British menswear designer (born 1982)

Claire Louise Malcolm (born 27 July 1982 in Tunbridge Wells, Kent) is an English menswear designer and is a designer on Savile Row. Malcolm graduated from Middlesex University with a BA degree in Fashion Design.

==Early career==

===Kim Jones===
In 2006, Malcolm began working for English designer Kim Jones. Malcolm helped produce four collections for his main line, Kim by Kim Jones. This collection was shown in New York City in February 2007, during the Men's Collections show. Malcolm has also assisted and collaborated with Nicola Formichetti, Andre Walker, i-D Magazine, V Man, 10 Men and Arena Homme. She has also worked with Savile Row tailors Norton & Sons.

===Kanye West (Pastelle)===
Between 2008 and 2009, Malcolm helped develop the fashion line, "Pastelle" for Kanye West.

===E.Tautz===
In 2009, Malcolm moved permanently to Savile Row, working for Patrick Grant of Norton & Sons as the designer for his E.Tautz label, a forgotten military brand from which Grant wanted to develop a ready-to-wear branch of his tailoring house.

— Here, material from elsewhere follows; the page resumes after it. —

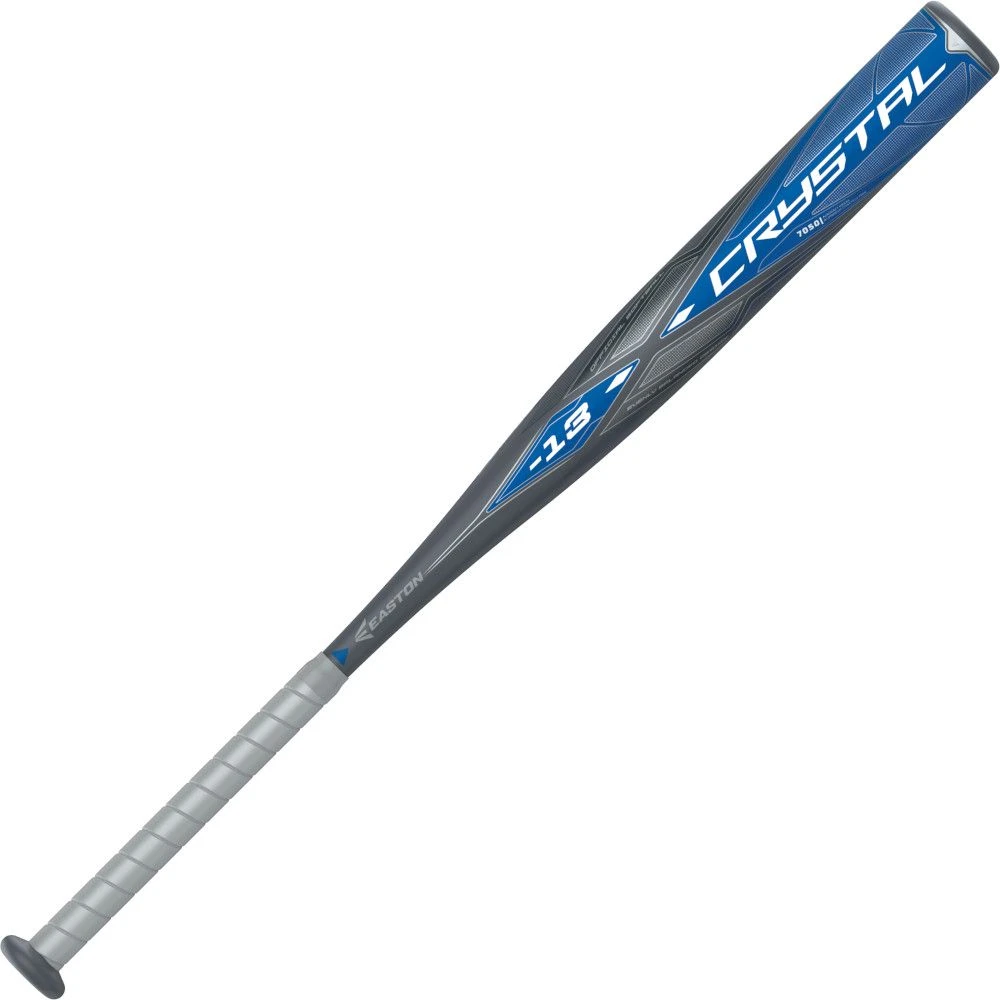 2021 Easton Crystal Girl's Balanced Fastpitch Softball Bat FP20CRY (-13oz) 4 2021 Easton Crystal Girl's Balanced Fastpitch Softball Bat FP20CRY (-13oz) - Image 2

Between 2009 and 2010, Malcolm designed both the SS10 and AW10 collections, subsequently winning E.Tautz the award for "Best Menswear" at the British Fashion Awards 2010.

===Hardy Amies===
In 2010, Malcolm was offered the position of Designer at the British fashion brand, Hardy Amies on Savile Row, presenting her first Salon show at London Fashion Week AW11. Malcolm drew on the period of Hardy Amies' life when he was a prominent figure on the European society circuit in the 1930s:

The label is now firmly back on the fashion map with a feel of Tom Ford about it, but with an English twist. These are leisure clothes in luxury fabrics such as the structured and unstructured blazers in Prince of Wales and windowpane check and midnight blue tuxedos with silk crêpe-de-chine shirts.